## RECORDS SHOWN:
*** Block opens ***

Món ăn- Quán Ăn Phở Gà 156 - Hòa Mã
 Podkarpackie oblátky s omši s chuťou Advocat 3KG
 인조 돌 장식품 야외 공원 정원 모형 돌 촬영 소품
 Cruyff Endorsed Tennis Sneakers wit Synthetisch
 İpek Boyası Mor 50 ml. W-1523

*** Block closes ***

## YOUR ASSIGNMENT:
Top to bottom, the records above must be output exactly.

## EXPECTED ANSWER:
Món ăn- Quán Ăn Phở Gà 156 - Hòa Mã
 Podkarpackie oblátky s omši s chuťou Advocat 3KG
 인조 돌 장식품 야외 공원 정원 모형 돌 촬영 소품
 Cruyff Endorsed Tennis Sneakers wit Synthetisch
 İpek Boyası Mor 50 ml. W-1523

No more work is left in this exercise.